Thomas Freidman’s book, The World is Flat, describes how many countries around the world are doing top-rate jobs of educating their emerging “talent” in the students coming through their institutions. Many of those students live in underdeveloped countries like India , Russia and China , but they have overdeveloped minds compared to students right now in the United States . They are also hungrier to do work and to learn.
Because of technology and the ways in which people now learn and do business all over the world, we are more interdependent than ever. Jobs that use to exist for Americans solely in America are now outsourced to people in other countries. So, today’s students are competing for jobs with people from all over the world, not just people in the U.S . It has never been more critical to be a student who is committed, tenacious, has faith in their self and believes that they can continue to learn and grow.
In order for high schools to do their job of creating a college-bound culture, they need student success and transition programs in place for incoming 9th graders and subsequent programs for each grade level through 12th grade. The aim of LifeBound’s programs, and my life work, is to help students understand the realities of the world in which they live so that they will be able to command every advantage that life has to offer. We assume that every student can succeed, and they will succeed once they know what the world expects of them—where the bar is—so they can have the motivation to go over that bar with competence and self-assuredness. If teachers and students are both aware of this reality, they can work together to best prepare students for the world they will enter after college.
Many students struggle with the basic disciplines that help them face their challenges with a relentless dedication. There are strategies students can learn, however, if these qualities are not already innate within the student. We need to examine answers to these questions:
How can high schools do a better job of promoting 21st Century Skills for all types of learners?

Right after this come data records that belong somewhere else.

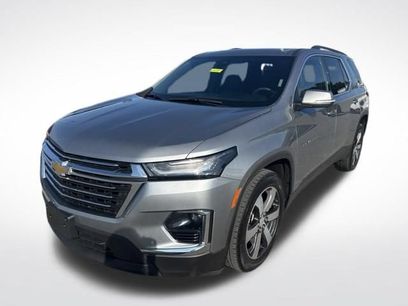 Used 2023 Chevrolet Traverse LT w/ LT Premium Package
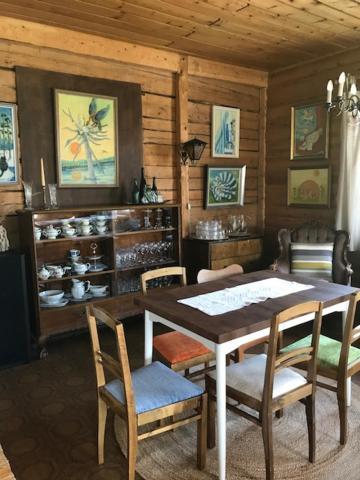 Paeivin Pirtti - Pirttikahvila Ja B&B Luosto Bagian luar foto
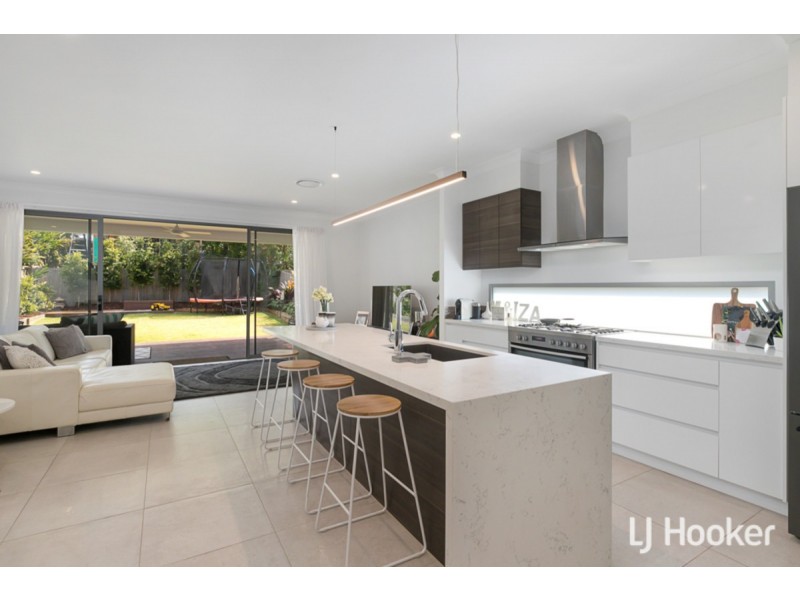 31 Frederick Street, Wellington Point QLD 4160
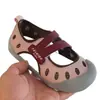 Nuevas Sandalias de Medio Uso para Niños Primavera/Verano Moda de Velcro Unisex Zapatos Cerrados en la Punta Perforados Deportivos Casuales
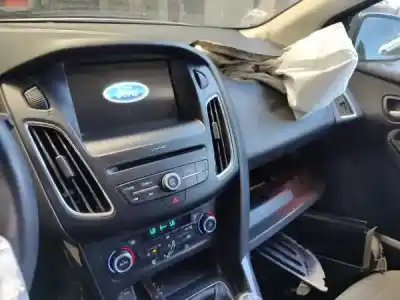 Veicolo di demolizione ford focus turn. 1.0 ecoboost cat dell'anno 2018 alimentato 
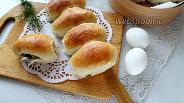 Фото рецепта Пирожки с черемшой и яйцами в духовке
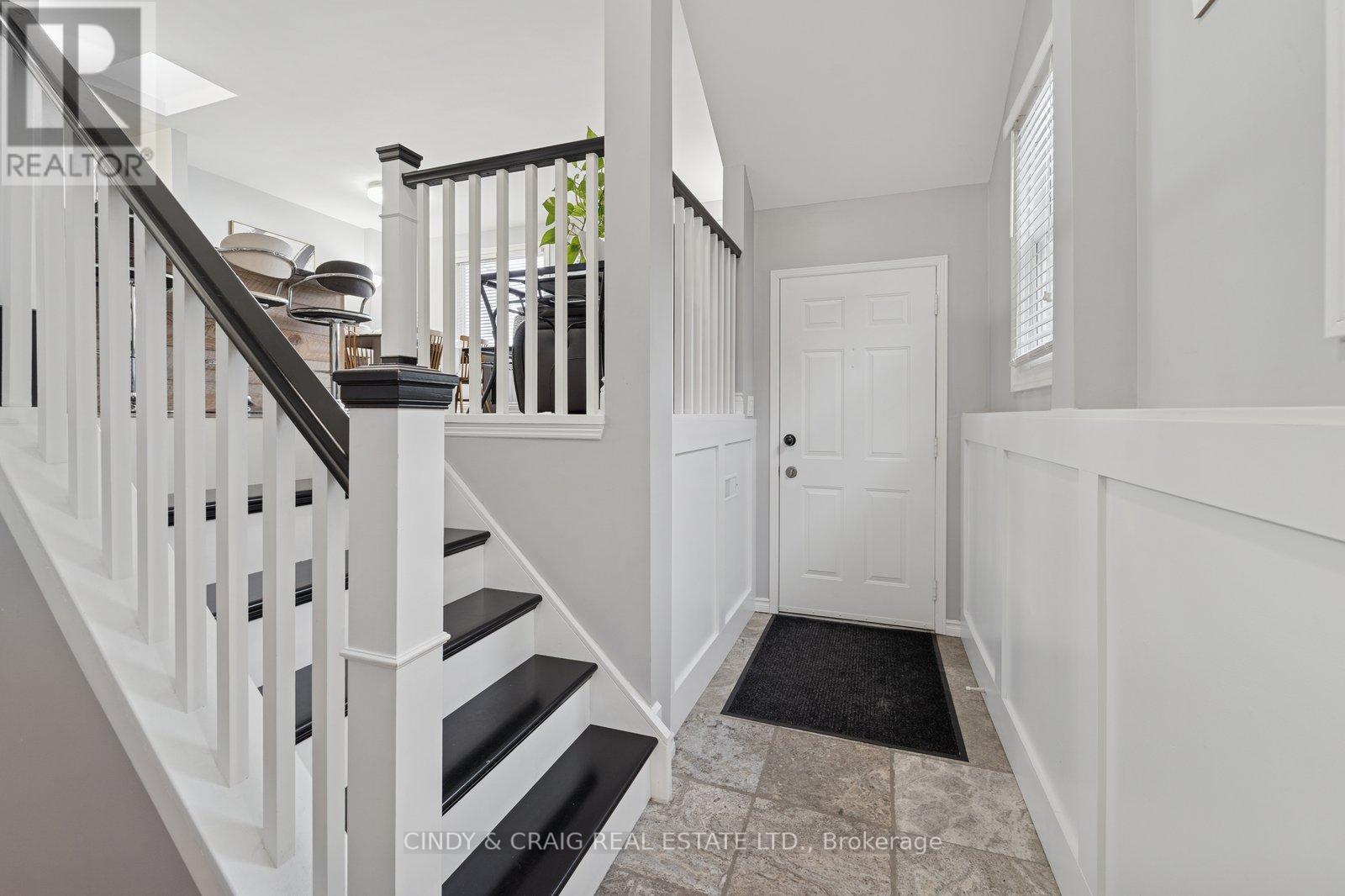 7 Empire Crescent, Clarington, Ontario  L1E 1E4 - Photo 2 - E12731840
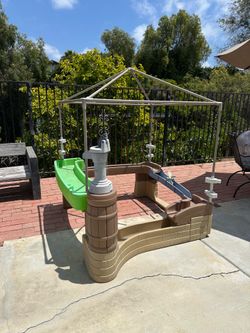 Step2 Oasis water and play table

What are some of the biggest challenges to implementing these programs starting in 9th grade?
How can we marshall resources to make sure every student has equal access to a quality education?
U.S. News & World Report
by Mike Bowler
Higher education officials cheered this summer when President Barack Obama pledged to boost the U.S. college graduation rate to first in the world—after years of stagnation—and announced a $12 billion plan to produce 5 million more community college grads by 2020. Currently, community colleges enroll more than 6 million students in the United States.
It will be a huge challenge. Thirty percent of college and university students drop out after their first year. Half never graduate, and college completion rates in the United States have been stalled for more than three decades. “The overall record is quite bad, especially for African-Americans and other minorities,” says Kati Haycock, president of the Education Trust, a nonprofit group in Washington that works to close achievement gaps. “The colleges want us to think everyone graduates, but in fact a huge number don’t, and many leave with significant loan debts and job skills totally inadequate in the 21st century.”